Record set>
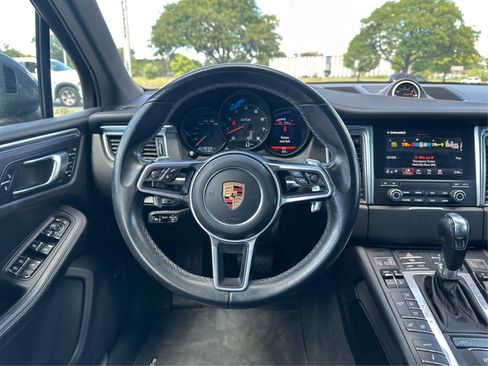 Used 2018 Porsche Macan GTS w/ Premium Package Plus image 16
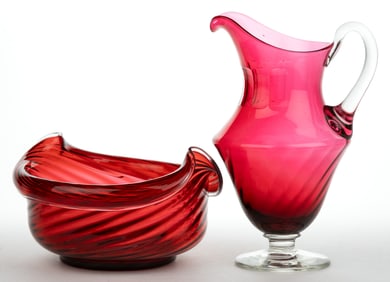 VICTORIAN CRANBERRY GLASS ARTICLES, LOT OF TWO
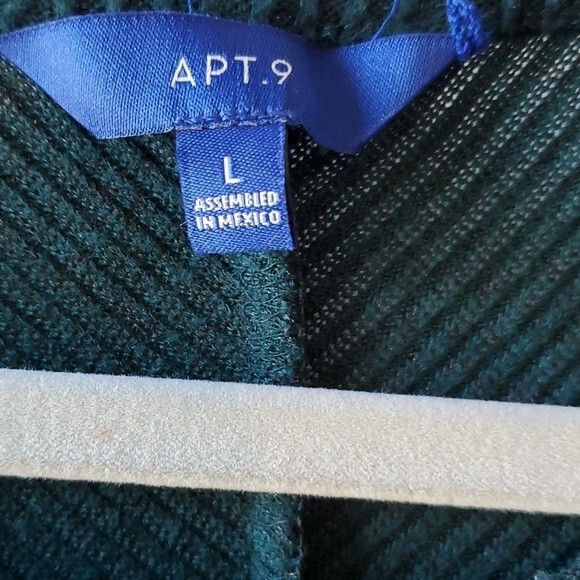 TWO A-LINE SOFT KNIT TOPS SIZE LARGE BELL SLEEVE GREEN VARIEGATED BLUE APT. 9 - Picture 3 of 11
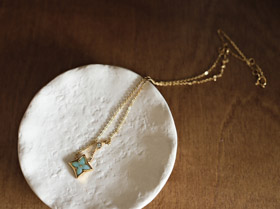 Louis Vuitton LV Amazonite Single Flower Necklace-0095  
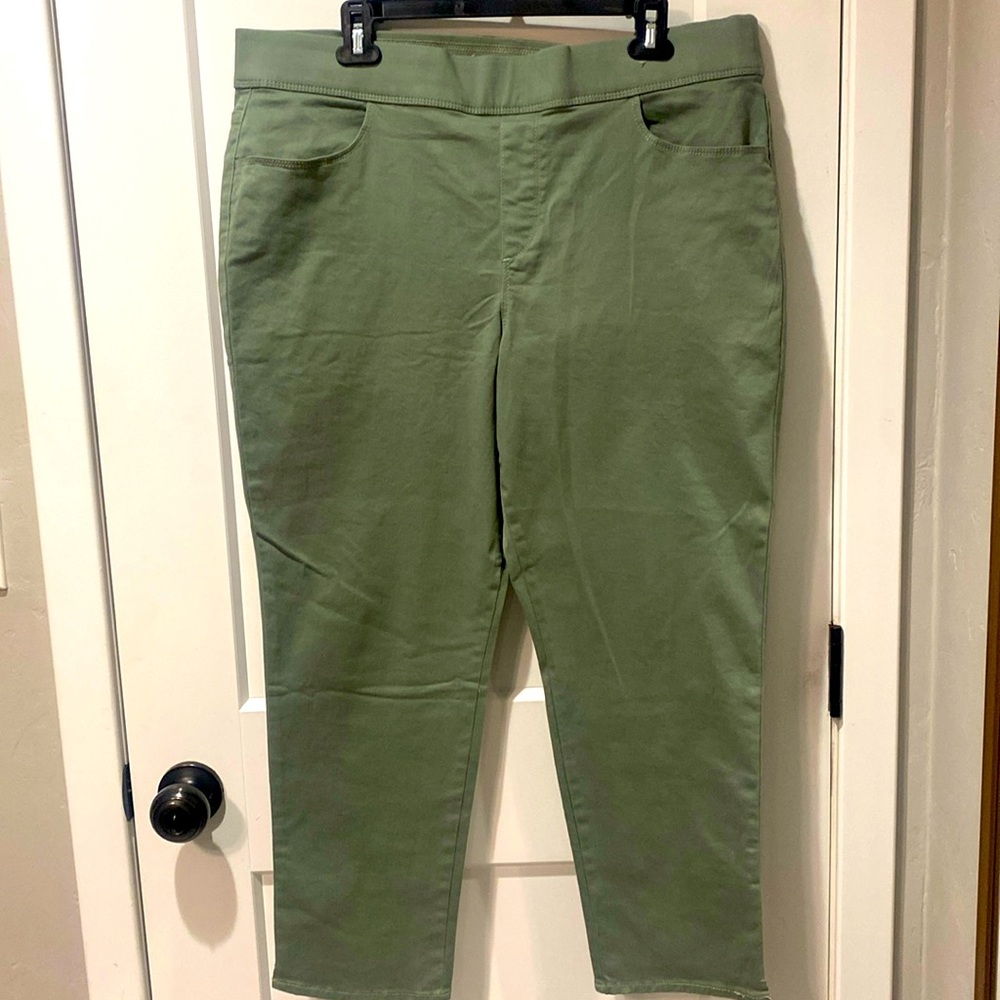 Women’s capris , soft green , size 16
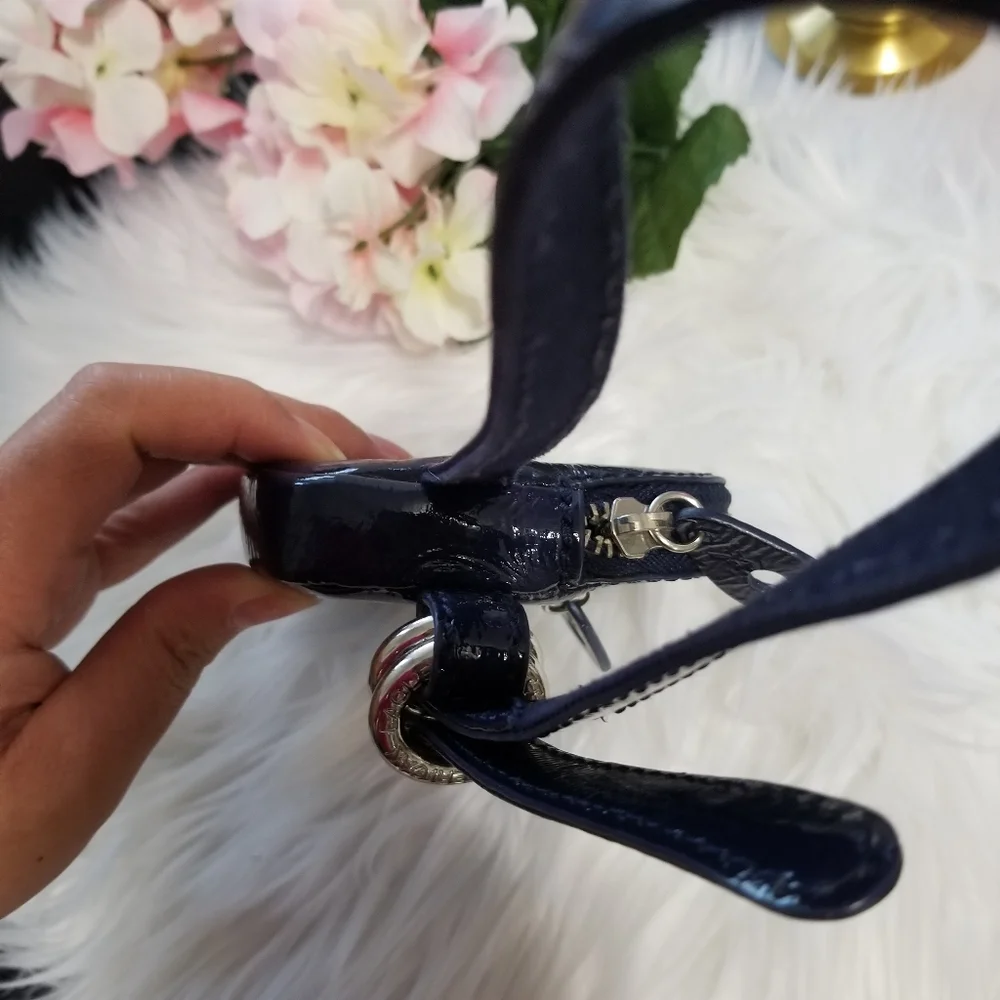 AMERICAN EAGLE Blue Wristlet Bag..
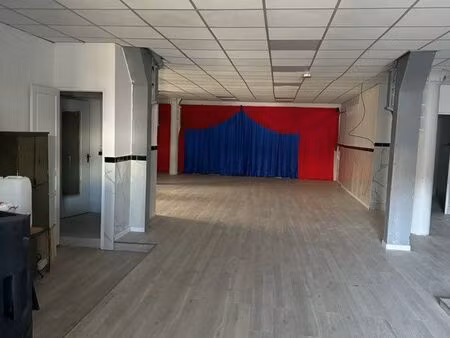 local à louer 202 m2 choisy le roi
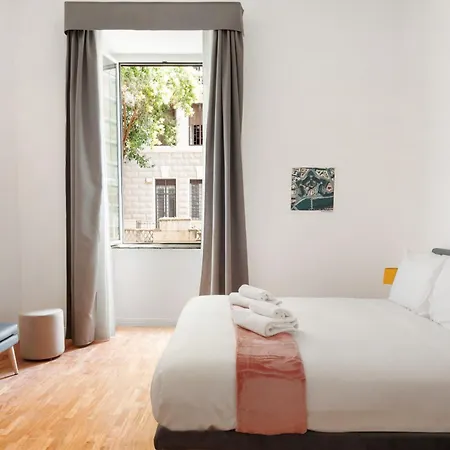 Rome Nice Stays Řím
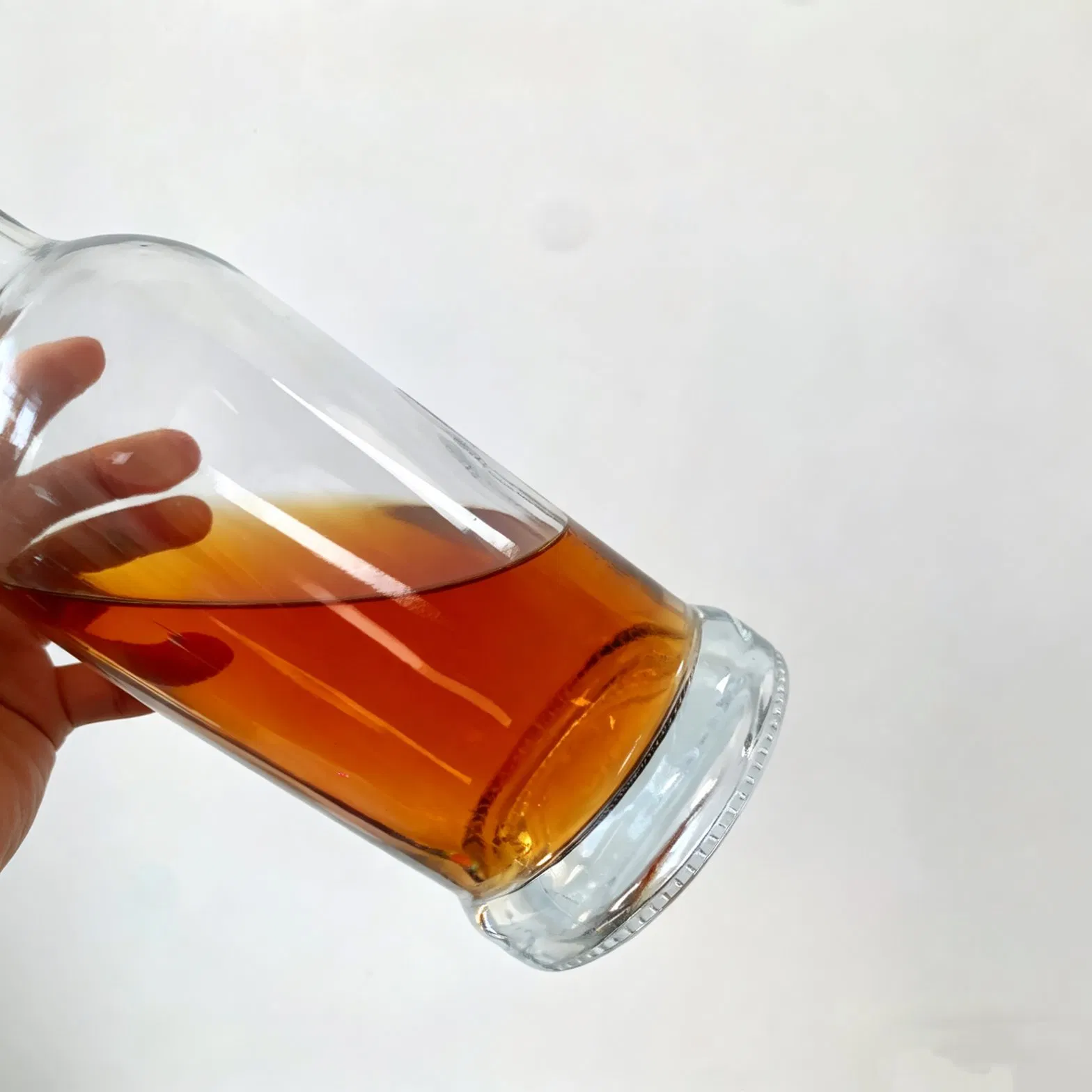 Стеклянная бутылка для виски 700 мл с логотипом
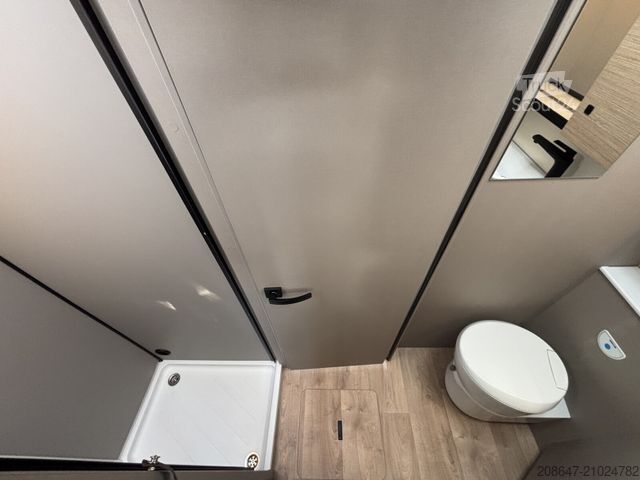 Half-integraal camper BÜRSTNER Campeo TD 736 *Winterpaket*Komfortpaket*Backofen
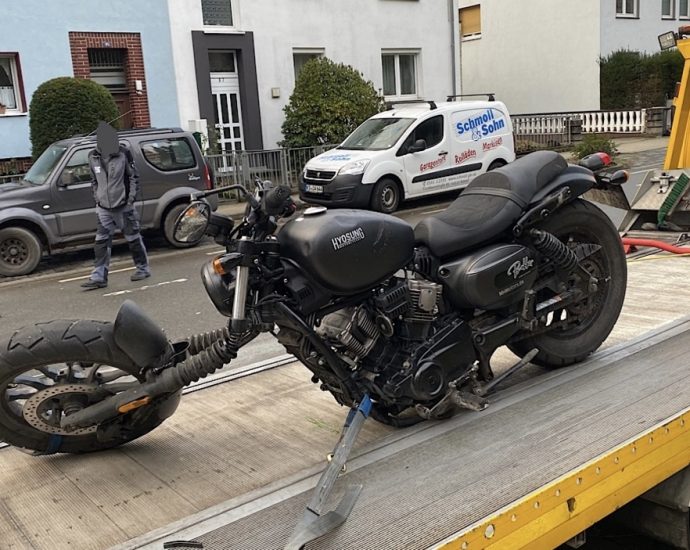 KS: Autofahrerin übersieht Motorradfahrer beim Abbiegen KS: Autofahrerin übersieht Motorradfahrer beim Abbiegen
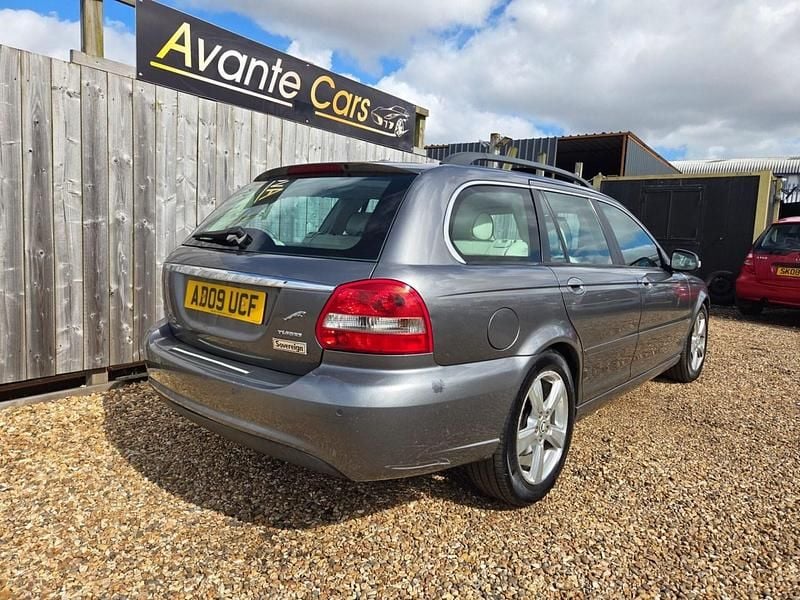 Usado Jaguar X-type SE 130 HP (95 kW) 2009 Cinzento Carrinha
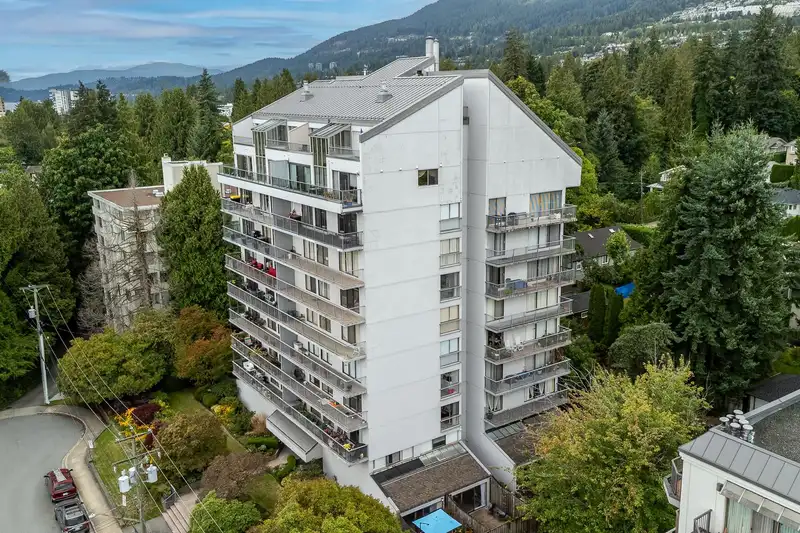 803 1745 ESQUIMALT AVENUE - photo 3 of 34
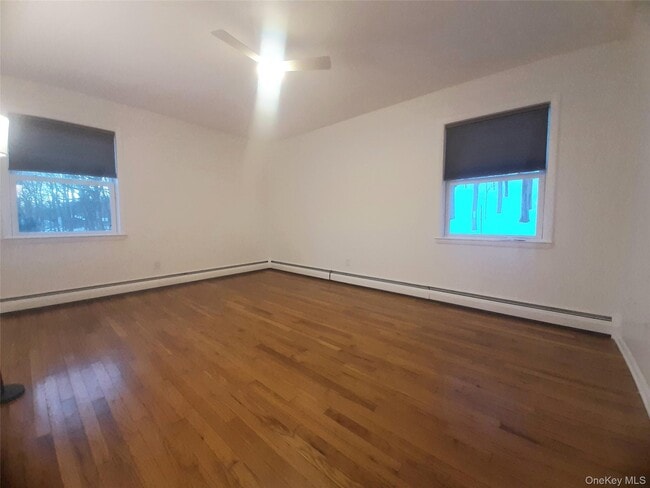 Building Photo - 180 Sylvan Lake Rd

About this exercise> After locating the line with "803 1745 ESQUIMALT AVENUE - photo 3 of 34", transcribe it and the rest of the data above exactly as written, without any picture.

Exercise result>
 803 1745 ESQUIMALT AVENUE - photo 3 of 34
 Building Photo - 180 Sylvan Lake Rd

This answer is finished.